And he was far from the only Bridgestone rider in trouble; Gibernau was also sinking steadily down the order after leading so confidently - losing seventh to Rossi on lap 13 - while team-mate Loris Capirossi
was demoted from sixth by his fellow Italian a lap later. Vermeulen then lost fifth to The Doctor on lap 16, forming an all-Michelin top five, as the Japanese rubber - which had been so strong in the wet - appeared to strike endurance problems.
But the four Honda young-guns up front - Pedrosa, Hayden, Melandri and Stoner - were showing no form of weakness, and their near 7-second lead over Rossi was insurmountable in the seven laps that remained. Instead, Rossi came under increasing pressure from Toni Elias, who had dropped to 12th in the early laps, but had then locked onto Rossi's rear wheel and been dragged up the order with the Italian.
Up front and Pedrosa was credited with leading laps 12 to 16 but - like Vermeulen, Gibernau and Melandri before him - was unable to break clear and his reign was eventually ended by Melandri, who dived inside at the final chicane on lap 17. That location, coming directly after the awesome fifth-gear right hander, was the most popular passing place on the track - and saw plenty more action in the remaining five laps.
Indeed, on the very next circulation, Stoner demoted Marco from the lead at that location - with the frantic victory battle now a three-way affair as an increasingly ragged Hayden slipped to the tail of the lead group and lost touch with the trio ahead of him.
Last October, Pedrosa and Stoner were again battling bar-to-bar for victory at Istanbul - although on that occasion it was in the 250cc class - but each looked every ounce a MotoGP winner as the 2006 race reached its climax. The pair of premier-class rookies sandwiching comparative veteran Melandri, a double race winner, as the last lap began.
But not for long: As the trio charged into the off-camber turn one for the final time, Pedrosa - who had lost a little ground through the final chicane - pushed his front Michelin a little too hard and his RCV suddenly folded under him, sending the 20-year-old spinning off-track. A distraught Dani jumped to his feet and was left to wonder what might have been as he resurrected 14th place at the chequered flag.

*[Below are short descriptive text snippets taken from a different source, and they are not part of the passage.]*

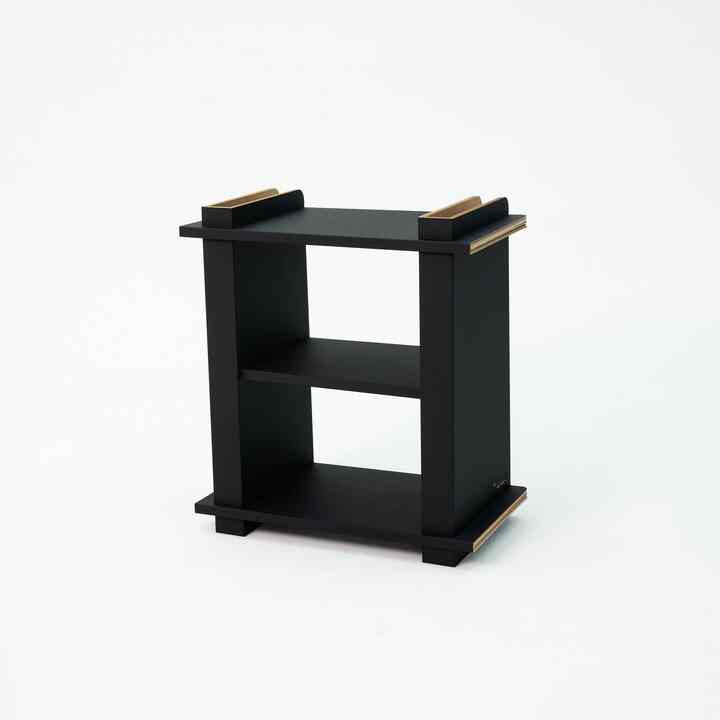 FOLD 002 Black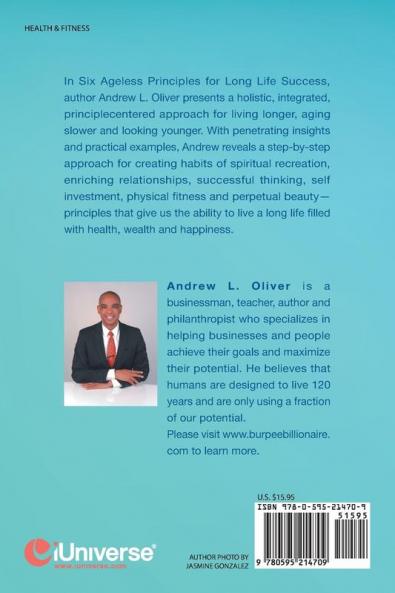 Six Ageless Principles for Long Life Success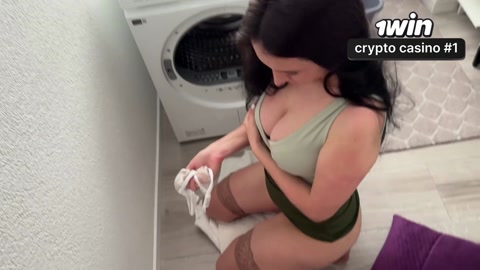 Stuck Stepmom Finds Unexpected Release
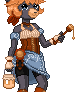 Matilda Idle Sprite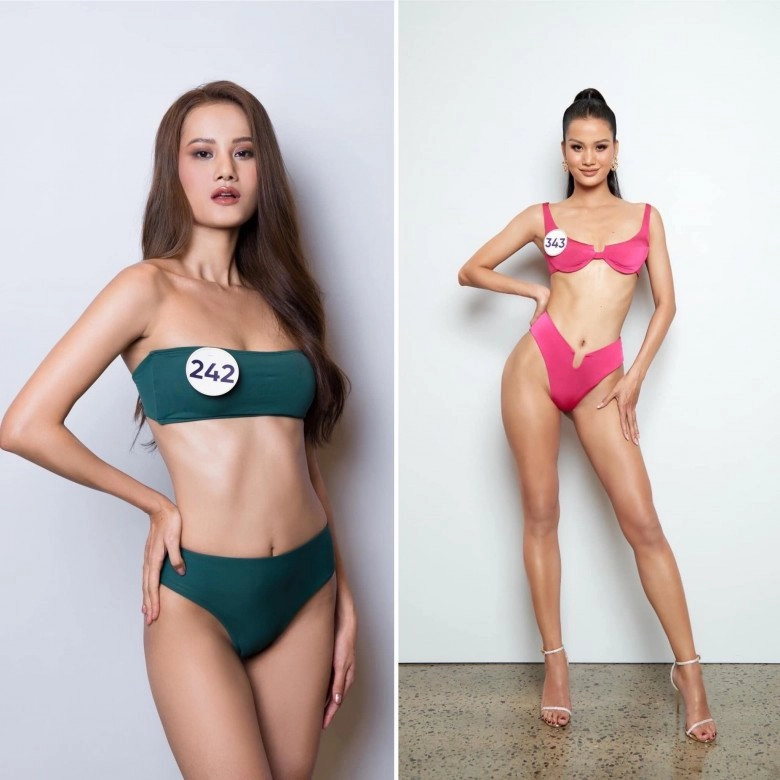 Mỹ nhân quen mặt trên sóng truyền hình chăm diện bikini khoe dáng săn chắc được dự đoán đăng quang hoa hậu - 4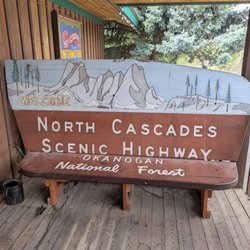 Methow Valley Visitor Center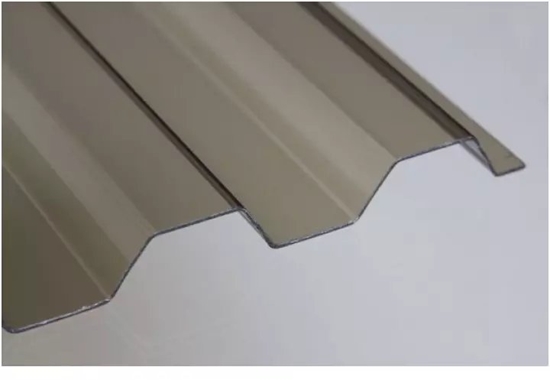 Picture of PYTA PVC TRAPEZ K70/18 7/10 BRZ 2,5M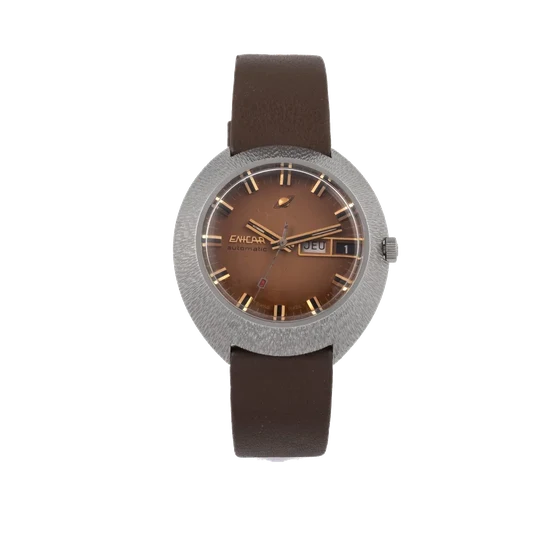 Enicar Switzerland 144-62-02 kol saati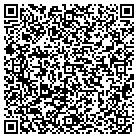 QR code with M D Wessler & Assoc Inc contacts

Meanwhile, Stoner - riding the 'standard' spec RCV - was still doing a brilliant job of containing factory supported Melandri, leaving no room for a pass and making no mistakes in his quest to become the joint youngest MotoGP race winner. But the grand prix was always going to be decided at the final chicane - and Melandri duly dived inside for the lead, with Stoner trying to brave-it-out around the outside of the Italian.
Melandri stayed wheel-perfect through the fiddly left-right-left complex that leads onto the start-finish straight - and Stoner frustratingly lost out on victory by just 0.2secs at the flag, but could still celebrate his first MotoGP podium in just his third race.
The win was exactly what Melandri needed after a poor, podium free, start to the season and the likeable Fortuna rider was justifiably ecstatic with his third MotoGP victory - which also moves him up to third in the championship.
Pedrosa's mistake left team-mate Nicky Hayden
to inherit the final podium position and the Kentuckian has now taken the world championship lead, by just one-point from previous occupant Loris Capirossi, after the Ducati rider finished as the top Bridgestone rider in sixth.